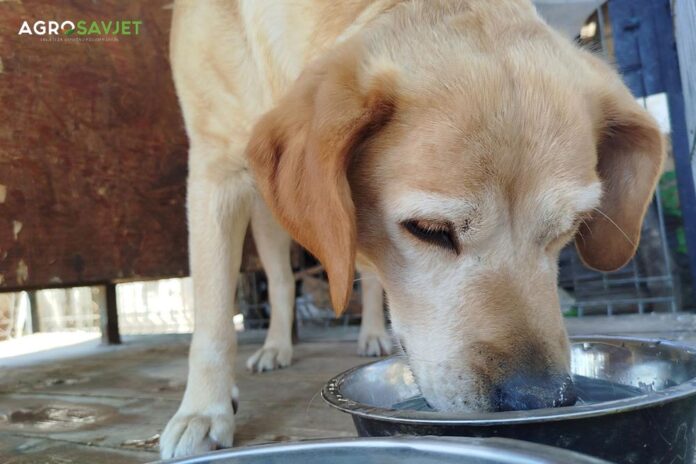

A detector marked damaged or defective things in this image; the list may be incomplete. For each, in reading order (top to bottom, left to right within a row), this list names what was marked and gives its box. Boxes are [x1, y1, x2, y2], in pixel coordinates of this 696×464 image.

rusty brown wall [0, 1, 190, 288]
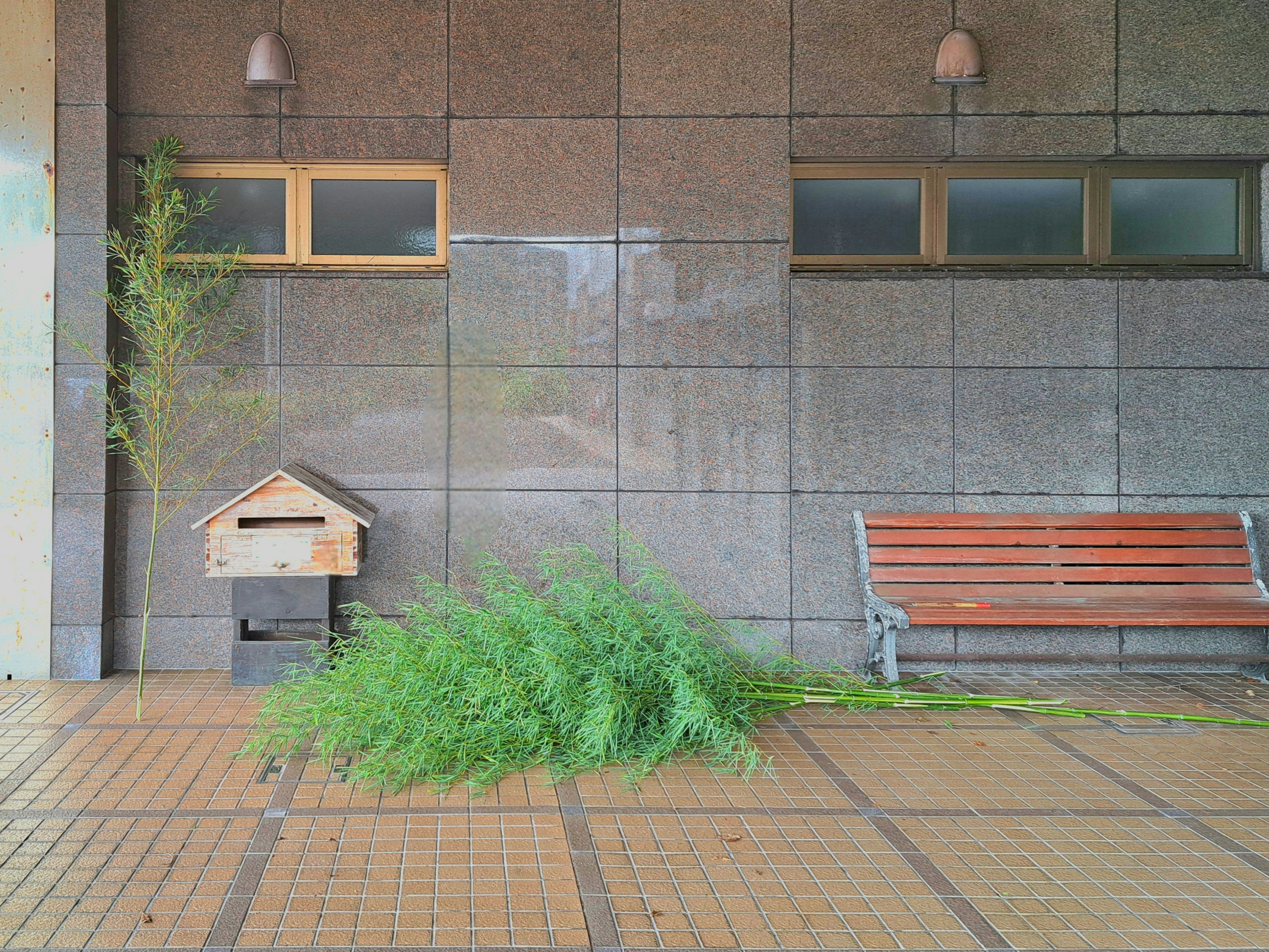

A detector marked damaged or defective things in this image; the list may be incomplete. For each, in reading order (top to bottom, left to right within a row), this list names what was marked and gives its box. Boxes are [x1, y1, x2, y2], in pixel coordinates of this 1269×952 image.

peeling paint on pillar [0, 2, 56, 685]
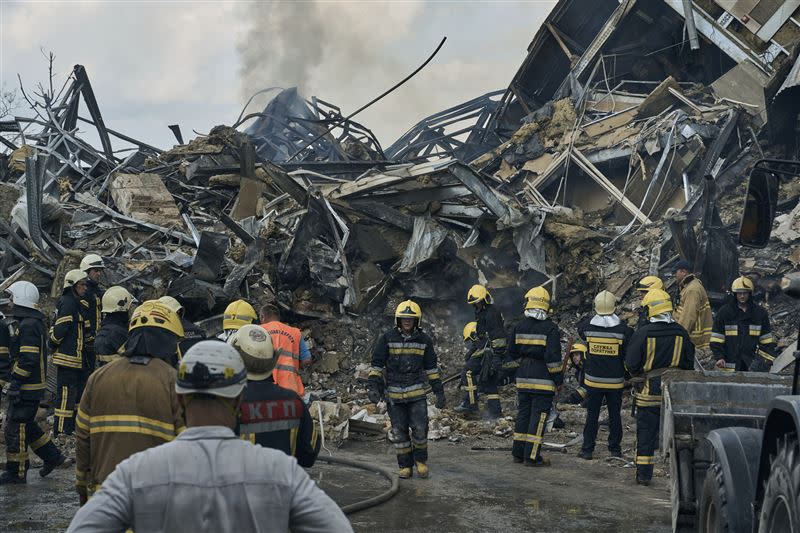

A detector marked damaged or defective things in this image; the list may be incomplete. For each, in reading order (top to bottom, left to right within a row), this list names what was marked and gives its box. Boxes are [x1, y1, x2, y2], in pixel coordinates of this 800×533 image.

damaged roof structure [0, 0, 796, 340]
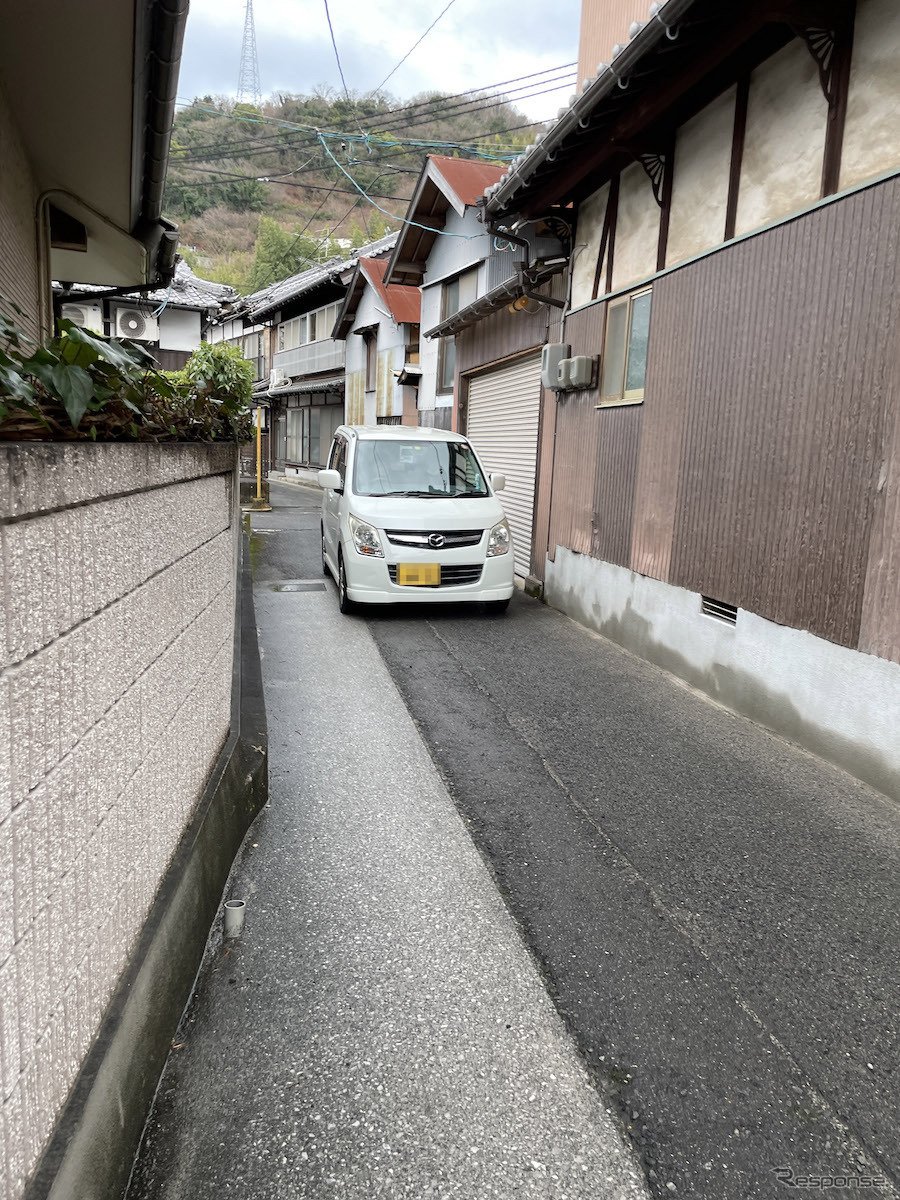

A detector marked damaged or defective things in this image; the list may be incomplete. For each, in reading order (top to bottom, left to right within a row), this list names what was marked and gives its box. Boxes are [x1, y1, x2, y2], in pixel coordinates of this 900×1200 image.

pavement crack line [422, 619, 900, 1190]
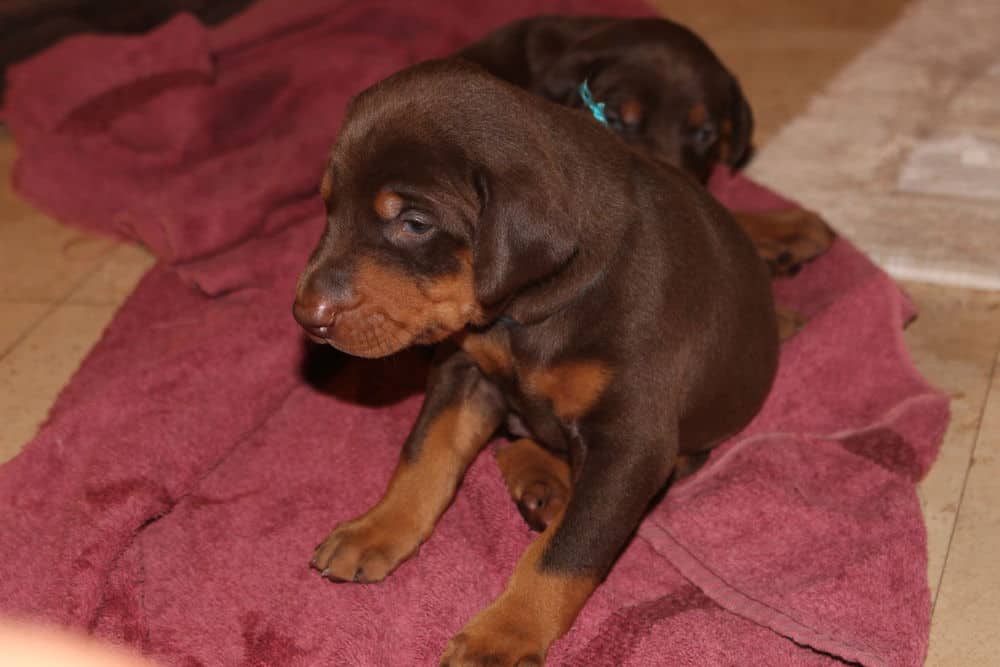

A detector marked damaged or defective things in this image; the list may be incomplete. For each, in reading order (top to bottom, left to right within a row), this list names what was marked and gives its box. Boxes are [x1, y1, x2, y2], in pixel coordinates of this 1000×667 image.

puppy's rust tan marking [372, 188, 402, 219]
puppy's rust tan marking [328, 250, 484, 358]
puppy's rust tan marking [458, 332, 512, 378]
puppy's rust tan marking [524, 362, 608, 420]
puppy's rust tan marking [312, 402, 500, 584]
puppy's rust tan marking [494, 438, 568, 532]
puppy's rust tan marking [438, 512, 592, 664]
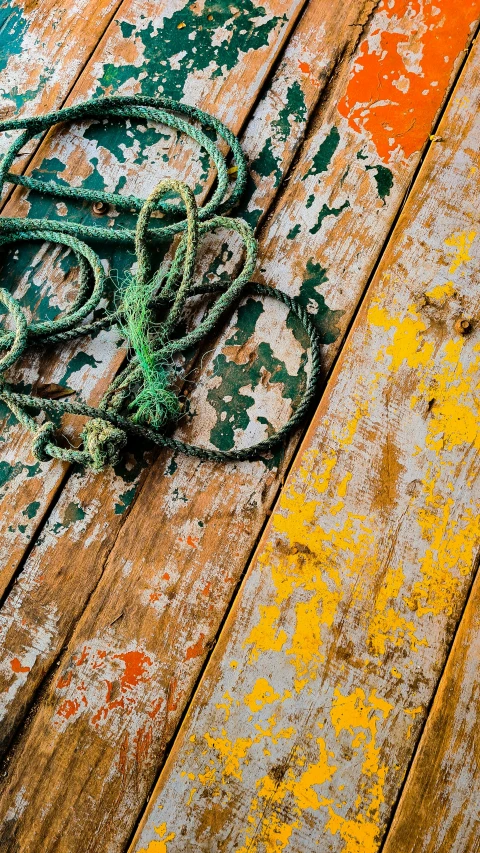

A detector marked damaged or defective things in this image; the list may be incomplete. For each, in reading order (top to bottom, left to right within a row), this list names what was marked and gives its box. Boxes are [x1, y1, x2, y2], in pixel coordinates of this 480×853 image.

rusty nail [454, 318, 472, 334]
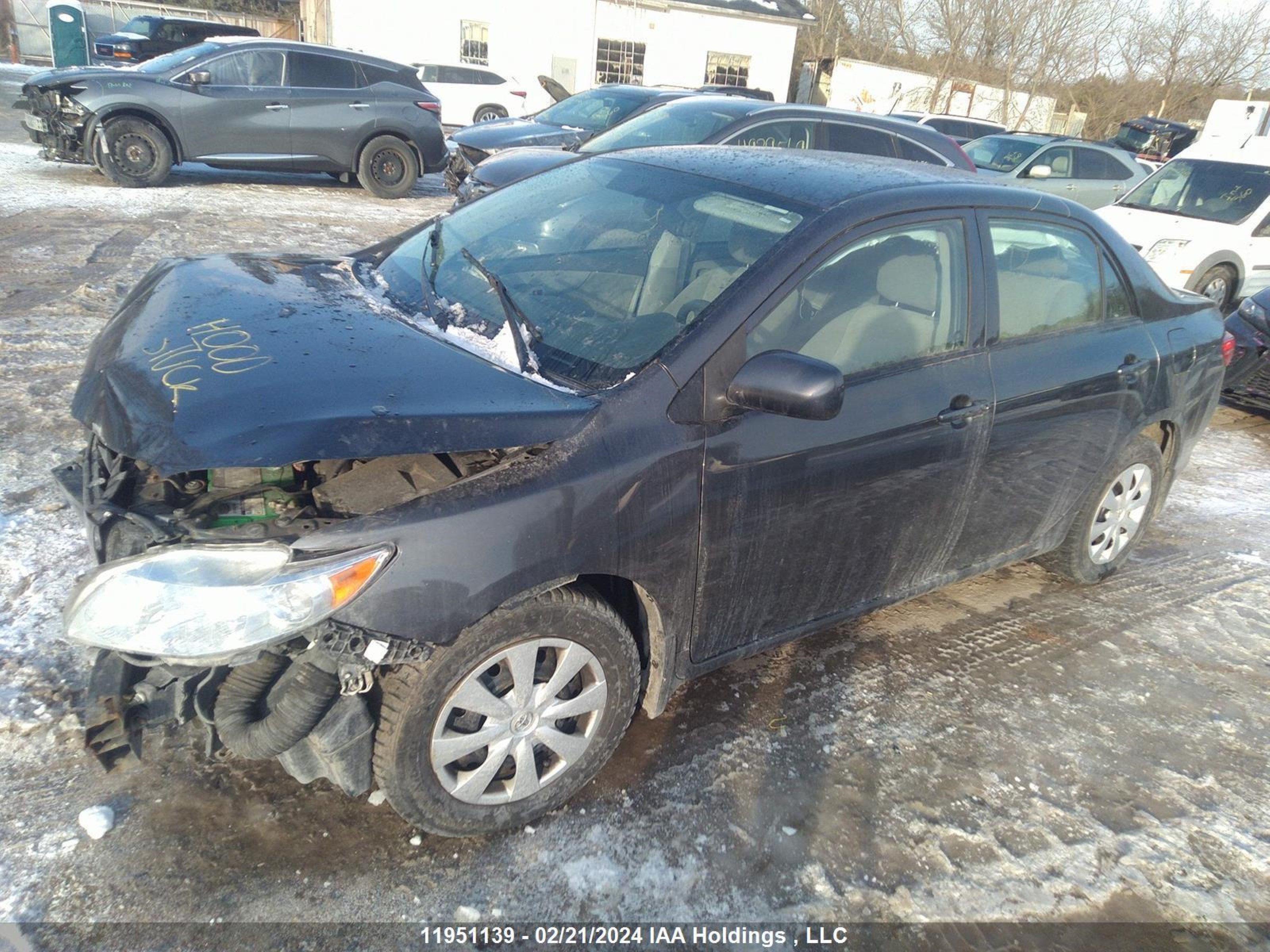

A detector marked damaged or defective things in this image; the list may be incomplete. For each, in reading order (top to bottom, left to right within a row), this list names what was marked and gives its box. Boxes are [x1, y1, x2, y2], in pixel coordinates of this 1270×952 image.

crumpled hood [452, 118, 589, 153]
crumpled hood [472, 146, 581, 188]
crumpled hood [72, 255, 597, 474]
damaged dark blue sedan [54, 147, 1224, 833]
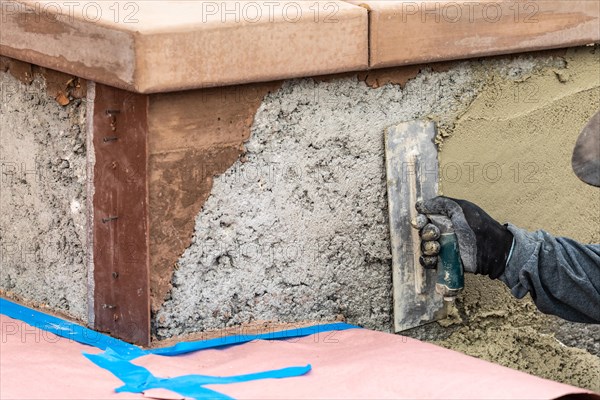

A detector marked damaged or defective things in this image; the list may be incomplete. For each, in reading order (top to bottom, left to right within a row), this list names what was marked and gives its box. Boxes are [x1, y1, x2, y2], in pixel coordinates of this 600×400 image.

*Work request:* Make an exact reproduction of the listing above, without any pictures.

*Response box:*
A detector marked damaged or defective things in this image; the list may be incomplete. For each, in reading order (top to bottom, left to right within a row), this list names what was marked and gives its box. Boxes are [x1, y1, x2, y2], in pixel coordinates of this 696×464 image.

rusty brown wall [0, 1, 190, 288]

A detector marked damaged or defective things in this image; the list may be incomplete. For each, in reading order (top to bottom, left to right within a row), this list names what was marked and gives its box. Boxes are [x1, y1, x2, y2], in pixel coordinates of this 1269×952 image.

peeling paint on pillar [0, 2, 56, 685]

A detector marked damaged or defective things in this image; the list may be incomplete. For each, in reading order (top to bottom, left to right within a row), this list names what was marked and gives its box. Boxes are [x1, y1, x2, y2], in pixel coordinates of this 800×533 image.

damaged roof structure [0, 0, 796, 340]

A detector marked damaged or defective things in this image; the list may be incomplete. For each, in reading order (top to bottom, left to right within a row), this list names what was marked and gives its box. Boxes are [x1, y1, x2, y2], in pixel coordinates of this 900×1200 image.

pavement crack line [422, 619, 900, 1190]

A detector marked damaged or defective things in this image; the list may be incomplete. For each, in reading order (top to bottom, left to right within a row), this list names what was marked and gives its box. Boxes are [x1, y1, x2, y2], in pixel coordinates of this 1000×667 image.

puppy's rust tan marking [372, 188, 402, 219]
puppy's rust tan marking [328, 250, 484, 358]
puppy's rust tan marking [458, 332, 512, 378]
puppy's rust tan marking [524, 362, 608, 420]
puppy's rust tan marking [312, 402, 500, 584]
puppy's rust tan marking [494, 438, 568, 532]
puppy's rust tan marking [438, 512, 592, 664]

A detector marked damaged or defective things in this image; the list may be incomplete. For each, in reading order (top to bottom, left to right within a row), this list names what was marked and gives its box. Boxes are [x1, y1, x2, y2], in pixel coordinates of this 480×853 image.

rusty nail [454, 318, 472, 334]

A detector marked damaged or defective things in this image; the list may be incomplete. For each, in reading order (top to bottom, left to right within a row), this list names what was marked and gives its box. Boxes are [x1, y1, x2, y2], in pixel coordinates of this 1270×952 image.

crumpled hood [452, 118, 589, 153]
crumpled hood [472, 146, 581, 188]
crumpled hood [72, 255, 597, 474]
damaged dark blue sedan [54, 147, 1224, 833]

A detector marked damaged or defective things in this image; the list may be incomplete. For each, in reading order (top to bottom, left to right within a row), this list names what was marked and gives its box. Boxes are [x1, y1, x2, y2], in pixel coordinates of this 600×400 image.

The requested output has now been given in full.